We have a feature called Credentialing, which enables you to track worker compliance for any type of credential that you care about. A Credential is a generic concept that you can apply in many different use-cases, such as a passport, work visa, driver's license, first aid training, job skill certification, signed agreement of some sort, etc. When you add a Credential to a user's profile, you are declaring the user has that credential.
You may upload file evidence of having that credential, such as a photo or pdf document. You may also set an expiration date on that credential in order to track renewal of the credential. If the expiration date passes, then that credential is marked Invalid. There are reports that give insights into valid and invalid credentials.
You can create credentials, and give them any name you want. You can also pre-define specific Credential Types, and then give a worker a credential of that type. The advantage of creating typed credentials is that you can filter and group reports by credential type.
You can also set up Credential Policies. A Credential Policy specifies a list of credentials required by that policy. You might have one policy if you simply require the same credentials for every worker. Or, you might have multiple policies if you have different worker roles with different requirements. You then assign that policy to one or more workers. If a worker does not have all valid credentials required by that policy, then that worker will be flagged as having Invalid Credentialing. You can optionally block workers from clocking IN to work if their credentialing is invalid.
Turn On Feature
To get started, go in the Console to Settings => Users => Defaults, and in the Worker Role Setting section, check the box Enable Credentialing.
If you like, you can also check the box "Invalid Credential Policy Blocks Punch". But in general, it would be better to enable that setting later once you've set up all your workers' credentials, so they won't be temporarily blocked while you're setting it all up.
Once enabled, you could skip straight to the Workers section below, and create Ad Hoc Credentials. If you want to define specific Credential Types for your organization, then please read the next section.
To create Credential Types, go to Settings => Users => Credentialing. There you can click on the New Credential Type button. All you need to do is give it a name, and specify whether a document is required (i.e., file evidence must be uploaded). Then Save.
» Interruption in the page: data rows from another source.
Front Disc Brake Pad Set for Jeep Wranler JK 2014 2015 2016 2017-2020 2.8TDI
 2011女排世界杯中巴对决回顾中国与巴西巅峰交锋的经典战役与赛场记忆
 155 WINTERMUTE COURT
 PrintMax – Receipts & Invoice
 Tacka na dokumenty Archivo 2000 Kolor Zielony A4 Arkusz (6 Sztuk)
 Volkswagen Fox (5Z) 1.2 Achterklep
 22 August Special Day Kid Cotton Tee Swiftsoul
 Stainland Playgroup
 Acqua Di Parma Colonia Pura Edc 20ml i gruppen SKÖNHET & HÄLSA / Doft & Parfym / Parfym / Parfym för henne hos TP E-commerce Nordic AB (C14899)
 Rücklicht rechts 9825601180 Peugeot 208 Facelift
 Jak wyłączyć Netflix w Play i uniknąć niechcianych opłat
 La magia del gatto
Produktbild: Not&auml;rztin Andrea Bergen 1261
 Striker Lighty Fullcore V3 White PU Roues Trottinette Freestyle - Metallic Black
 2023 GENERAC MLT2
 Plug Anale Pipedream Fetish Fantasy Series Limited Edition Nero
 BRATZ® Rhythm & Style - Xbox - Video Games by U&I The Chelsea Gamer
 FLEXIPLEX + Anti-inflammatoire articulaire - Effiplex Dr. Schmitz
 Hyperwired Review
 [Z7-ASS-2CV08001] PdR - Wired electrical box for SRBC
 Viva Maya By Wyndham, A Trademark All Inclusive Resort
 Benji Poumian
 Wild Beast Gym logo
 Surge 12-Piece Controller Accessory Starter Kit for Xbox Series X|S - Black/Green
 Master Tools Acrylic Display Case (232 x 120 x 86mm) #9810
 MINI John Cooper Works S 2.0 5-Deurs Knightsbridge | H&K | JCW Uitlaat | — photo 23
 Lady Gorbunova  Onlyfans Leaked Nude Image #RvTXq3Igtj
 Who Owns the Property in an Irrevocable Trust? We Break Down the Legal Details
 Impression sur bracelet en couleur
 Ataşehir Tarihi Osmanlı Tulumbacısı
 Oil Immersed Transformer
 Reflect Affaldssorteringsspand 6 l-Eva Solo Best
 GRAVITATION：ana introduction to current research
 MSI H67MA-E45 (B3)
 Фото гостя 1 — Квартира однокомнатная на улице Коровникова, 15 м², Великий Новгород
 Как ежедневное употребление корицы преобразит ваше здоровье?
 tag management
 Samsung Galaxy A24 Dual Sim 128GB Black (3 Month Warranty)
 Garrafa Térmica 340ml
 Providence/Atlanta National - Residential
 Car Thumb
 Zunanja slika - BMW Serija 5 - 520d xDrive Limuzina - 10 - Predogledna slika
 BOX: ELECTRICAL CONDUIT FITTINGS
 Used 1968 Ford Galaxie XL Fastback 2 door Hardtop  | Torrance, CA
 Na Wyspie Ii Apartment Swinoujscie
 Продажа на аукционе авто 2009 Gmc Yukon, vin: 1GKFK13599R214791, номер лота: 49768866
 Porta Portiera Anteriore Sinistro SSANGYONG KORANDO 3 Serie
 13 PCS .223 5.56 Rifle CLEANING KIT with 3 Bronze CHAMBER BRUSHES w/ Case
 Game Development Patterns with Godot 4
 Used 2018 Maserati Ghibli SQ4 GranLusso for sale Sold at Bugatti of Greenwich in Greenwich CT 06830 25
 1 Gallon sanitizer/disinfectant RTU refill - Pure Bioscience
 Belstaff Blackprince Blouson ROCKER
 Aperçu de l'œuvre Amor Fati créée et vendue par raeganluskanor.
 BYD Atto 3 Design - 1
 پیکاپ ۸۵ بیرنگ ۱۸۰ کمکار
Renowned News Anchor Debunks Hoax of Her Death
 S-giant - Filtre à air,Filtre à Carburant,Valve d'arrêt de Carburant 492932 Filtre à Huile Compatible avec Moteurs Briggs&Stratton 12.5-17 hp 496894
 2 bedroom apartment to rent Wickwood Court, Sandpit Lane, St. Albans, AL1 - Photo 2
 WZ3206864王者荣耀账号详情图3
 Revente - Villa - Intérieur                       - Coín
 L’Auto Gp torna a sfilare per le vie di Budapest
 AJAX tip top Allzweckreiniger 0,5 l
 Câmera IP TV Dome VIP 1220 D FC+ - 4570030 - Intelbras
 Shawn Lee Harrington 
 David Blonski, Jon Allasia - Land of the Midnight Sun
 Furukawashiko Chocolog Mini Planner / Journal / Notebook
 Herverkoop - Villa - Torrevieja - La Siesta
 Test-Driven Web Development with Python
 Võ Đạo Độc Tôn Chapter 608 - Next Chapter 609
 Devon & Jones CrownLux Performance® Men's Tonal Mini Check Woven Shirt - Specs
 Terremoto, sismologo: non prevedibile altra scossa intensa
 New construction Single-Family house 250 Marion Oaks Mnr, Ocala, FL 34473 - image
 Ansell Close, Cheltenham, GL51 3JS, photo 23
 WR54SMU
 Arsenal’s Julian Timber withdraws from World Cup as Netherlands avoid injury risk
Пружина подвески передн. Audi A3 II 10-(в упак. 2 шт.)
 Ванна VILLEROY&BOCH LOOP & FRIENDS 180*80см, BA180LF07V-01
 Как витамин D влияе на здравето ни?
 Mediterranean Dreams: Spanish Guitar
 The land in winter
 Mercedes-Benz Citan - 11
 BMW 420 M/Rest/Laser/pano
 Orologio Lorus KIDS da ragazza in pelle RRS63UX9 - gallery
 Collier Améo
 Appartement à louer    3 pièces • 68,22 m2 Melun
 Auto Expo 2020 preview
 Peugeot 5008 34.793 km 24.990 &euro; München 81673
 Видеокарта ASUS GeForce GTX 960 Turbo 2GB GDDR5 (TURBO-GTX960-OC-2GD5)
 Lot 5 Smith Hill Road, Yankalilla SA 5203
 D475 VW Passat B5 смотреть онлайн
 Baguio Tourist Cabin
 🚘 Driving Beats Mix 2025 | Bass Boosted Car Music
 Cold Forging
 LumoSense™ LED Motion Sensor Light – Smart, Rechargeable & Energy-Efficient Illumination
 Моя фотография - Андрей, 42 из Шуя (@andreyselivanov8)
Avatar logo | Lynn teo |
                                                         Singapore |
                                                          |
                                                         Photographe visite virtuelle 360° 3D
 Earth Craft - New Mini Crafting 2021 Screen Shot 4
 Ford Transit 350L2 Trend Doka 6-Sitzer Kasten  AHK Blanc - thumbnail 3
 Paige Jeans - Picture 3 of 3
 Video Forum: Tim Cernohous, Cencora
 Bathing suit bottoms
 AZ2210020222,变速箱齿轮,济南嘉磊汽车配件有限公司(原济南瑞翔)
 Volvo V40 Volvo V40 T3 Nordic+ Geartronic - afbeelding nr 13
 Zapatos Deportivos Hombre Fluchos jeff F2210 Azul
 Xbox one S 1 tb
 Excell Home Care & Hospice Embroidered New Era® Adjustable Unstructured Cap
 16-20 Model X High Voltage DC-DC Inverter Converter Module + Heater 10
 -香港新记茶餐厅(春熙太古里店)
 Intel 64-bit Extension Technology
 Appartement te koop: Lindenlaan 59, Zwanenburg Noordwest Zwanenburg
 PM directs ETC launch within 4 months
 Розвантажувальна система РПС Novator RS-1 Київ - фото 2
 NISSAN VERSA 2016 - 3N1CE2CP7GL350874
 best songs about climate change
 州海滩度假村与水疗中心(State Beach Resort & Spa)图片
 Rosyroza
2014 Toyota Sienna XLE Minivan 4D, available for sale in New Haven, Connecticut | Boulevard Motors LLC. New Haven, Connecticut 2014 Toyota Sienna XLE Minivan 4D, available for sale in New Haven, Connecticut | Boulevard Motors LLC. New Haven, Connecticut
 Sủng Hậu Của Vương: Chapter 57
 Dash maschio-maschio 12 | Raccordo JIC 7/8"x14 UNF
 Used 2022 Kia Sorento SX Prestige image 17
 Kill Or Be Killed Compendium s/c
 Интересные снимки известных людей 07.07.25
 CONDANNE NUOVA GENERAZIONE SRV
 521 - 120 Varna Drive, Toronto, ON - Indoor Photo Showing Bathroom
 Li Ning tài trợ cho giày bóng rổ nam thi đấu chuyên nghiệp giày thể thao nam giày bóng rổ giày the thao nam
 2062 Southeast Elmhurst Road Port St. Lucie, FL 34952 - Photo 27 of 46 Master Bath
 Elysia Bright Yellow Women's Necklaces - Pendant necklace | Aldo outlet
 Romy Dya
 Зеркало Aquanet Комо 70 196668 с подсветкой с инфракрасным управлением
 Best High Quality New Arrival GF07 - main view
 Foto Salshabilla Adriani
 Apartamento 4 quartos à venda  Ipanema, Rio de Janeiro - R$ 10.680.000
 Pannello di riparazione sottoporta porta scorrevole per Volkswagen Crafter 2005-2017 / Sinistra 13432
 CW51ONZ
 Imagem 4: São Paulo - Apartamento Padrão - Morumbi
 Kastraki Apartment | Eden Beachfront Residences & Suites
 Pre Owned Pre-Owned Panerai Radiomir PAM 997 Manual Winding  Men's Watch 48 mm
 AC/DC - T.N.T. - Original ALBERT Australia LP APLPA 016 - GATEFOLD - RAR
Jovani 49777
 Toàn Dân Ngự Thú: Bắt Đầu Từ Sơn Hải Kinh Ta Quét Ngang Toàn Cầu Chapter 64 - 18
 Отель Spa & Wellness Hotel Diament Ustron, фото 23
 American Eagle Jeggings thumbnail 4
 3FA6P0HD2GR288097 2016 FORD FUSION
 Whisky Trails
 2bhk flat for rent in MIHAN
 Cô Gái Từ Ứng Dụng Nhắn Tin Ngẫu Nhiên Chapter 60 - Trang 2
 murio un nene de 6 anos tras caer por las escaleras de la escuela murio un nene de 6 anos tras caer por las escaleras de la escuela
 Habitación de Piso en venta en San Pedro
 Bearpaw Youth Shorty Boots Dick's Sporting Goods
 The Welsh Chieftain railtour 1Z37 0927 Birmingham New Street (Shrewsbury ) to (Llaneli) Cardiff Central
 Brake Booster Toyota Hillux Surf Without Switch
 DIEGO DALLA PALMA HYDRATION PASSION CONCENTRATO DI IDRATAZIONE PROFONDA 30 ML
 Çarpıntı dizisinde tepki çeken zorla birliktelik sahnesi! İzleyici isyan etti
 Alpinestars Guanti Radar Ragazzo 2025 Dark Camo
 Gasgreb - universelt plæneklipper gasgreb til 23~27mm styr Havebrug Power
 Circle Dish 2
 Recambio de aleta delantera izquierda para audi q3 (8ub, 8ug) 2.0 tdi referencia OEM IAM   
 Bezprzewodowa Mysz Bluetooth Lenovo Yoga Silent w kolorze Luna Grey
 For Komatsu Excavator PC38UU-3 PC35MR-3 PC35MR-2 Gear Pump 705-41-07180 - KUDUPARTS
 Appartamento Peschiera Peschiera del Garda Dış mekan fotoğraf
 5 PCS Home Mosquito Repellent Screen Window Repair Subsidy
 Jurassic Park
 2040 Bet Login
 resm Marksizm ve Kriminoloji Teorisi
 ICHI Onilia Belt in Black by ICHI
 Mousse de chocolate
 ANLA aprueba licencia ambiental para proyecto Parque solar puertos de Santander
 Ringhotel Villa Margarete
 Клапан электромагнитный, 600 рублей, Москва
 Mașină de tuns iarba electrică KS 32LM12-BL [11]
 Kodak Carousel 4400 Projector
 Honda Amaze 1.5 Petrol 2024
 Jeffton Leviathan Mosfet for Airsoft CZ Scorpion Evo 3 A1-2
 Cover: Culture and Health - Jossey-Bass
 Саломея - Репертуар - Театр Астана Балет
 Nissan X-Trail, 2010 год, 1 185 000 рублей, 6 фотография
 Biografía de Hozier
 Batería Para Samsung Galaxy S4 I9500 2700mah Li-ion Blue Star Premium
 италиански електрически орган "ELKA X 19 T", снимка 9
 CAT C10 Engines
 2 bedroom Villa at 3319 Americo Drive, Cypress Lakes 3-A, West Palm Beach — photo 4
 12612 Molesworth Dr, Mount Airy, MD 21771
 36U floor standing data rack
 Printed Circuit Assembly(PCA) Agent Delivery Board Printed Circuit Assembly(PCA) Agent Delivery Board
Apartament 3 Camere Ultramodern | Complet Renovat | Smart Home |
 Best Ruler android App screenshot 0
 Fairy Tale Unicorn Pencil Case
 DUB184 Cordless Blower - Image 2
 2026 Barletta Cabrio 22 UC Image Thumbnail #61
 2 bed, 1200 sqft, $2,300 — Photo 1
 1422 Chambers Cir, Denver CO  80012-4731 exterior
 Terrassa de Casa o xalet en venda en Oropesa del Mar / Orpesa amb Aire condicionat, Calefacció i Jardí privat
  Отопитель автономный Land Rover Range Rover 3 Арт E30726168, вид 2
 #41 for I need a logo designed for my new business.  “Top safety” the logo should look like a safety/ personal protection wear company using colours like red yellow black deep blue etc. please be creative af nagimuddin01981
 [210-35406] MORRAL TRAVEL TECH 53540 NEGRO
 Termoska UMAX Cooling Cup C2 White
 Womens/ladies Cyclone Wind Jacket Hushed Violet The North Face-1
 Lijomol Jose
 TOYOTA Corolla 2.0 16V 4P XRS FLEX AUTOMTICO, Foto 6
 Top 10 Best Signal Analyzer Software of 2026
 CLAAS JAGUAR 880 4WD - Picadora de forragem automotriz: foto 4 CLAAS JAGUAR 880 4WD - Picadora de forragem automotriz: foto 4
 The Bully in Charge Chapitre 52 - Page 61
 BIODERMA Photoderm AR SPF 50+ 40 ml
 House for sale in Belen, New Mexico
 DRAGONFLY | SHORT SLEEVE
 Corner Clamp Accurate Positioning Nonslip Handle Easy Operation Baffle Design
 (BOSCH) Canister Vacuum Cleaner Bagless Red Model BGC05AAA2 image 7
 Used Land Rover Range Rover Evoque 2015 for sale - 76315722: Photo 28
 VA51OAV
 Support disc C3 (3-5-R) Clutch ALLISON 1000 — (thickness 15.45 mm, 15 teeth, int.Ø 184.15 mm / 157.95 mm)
You can also create Credential Policies on the same screen. Just click New Credential Policy, and specify which Credential Types are required.
Next, you'll want to set up each worker's credentials. Go to Settings => Users => List, and open a worker profile. Expand the Credentials section.
There, if you'd like you can add Ad Hoc Credentials that are not associated with the Credential Policy. To do so, simply create New Ad Hoc Credential. You'll be able to either associate the credential with a Credential Type previously defined, or give it any name without a type. You can also optionally enter additional information, such an Issued ID, Issued Date, Expire Date, and upload documents associated with the credential.
You can also assign a Credential Policy that was defined in the previous step. Once you save the worker profile, you'll see that the worker's status is Invalid until you add the required credentials.
To add a required Policy Credential, click the Edit button next to that credential. In the form on the right side of the screen, you can check that the "User has credential", and enter the additional information just as you can do in the Ad Hoc Credential above.
Once all required policy credentials are added, then the worker's credentialing status will be Valid.
Note that Ad Hoc Credentials do not affect the worker's overall Credentialing Status. It will only mark the credential itself Invalid (e.g., red light next to the credential). The worker's overall credentialing status might still be valid, and the worker would still be able to clock IN to work.
Fareclock will automatically monitor the expiration date on every credential for your organization. Each day at midnight (based on your timezone), if a credential has just expired, then it will be marked Invalid. If that credential is a policy credential, then the worker's overall credentialing status will be marked Invalid. And thus, if you enabled the setting to block workers with invalid credentialing from clocking IN to work, then they will no longer be able to clock IN until the credential is updated with a future expiration date.
If you enabled the setting "Invalid Credential Policy Blocks Punch" (see Turn On Feature section above), and if the worker's credentialing status is Invalid, then that worker will not be able to clock IN.
There are various reports you can use to gain insights on Credentialing within your organization.
Firstly, under Settings => Users, there are filters and columns Credential Policy, Credentialing Valid, and Valid Credential Type.
There is also a Credentials report you can use to view and filter on all valid, invalid and missing credentials.
This report can be filtered by Expire Date Range in order to look ahead at upcoming renewals.
And finally there is a Credential Roll Call report that can be used to audit the valid credentials of people working.
This report can be filtered and/or grouped by Job. So for example, if an auditor shows up at a Job site, and wants to know how many people on site are trained in First Aid, that can be easily shown. Or another example might be that you want to know everyone on site who is assigned a particular Credential Policy, which perhaps is associated with a certain skill level (e.g., Master Electrician).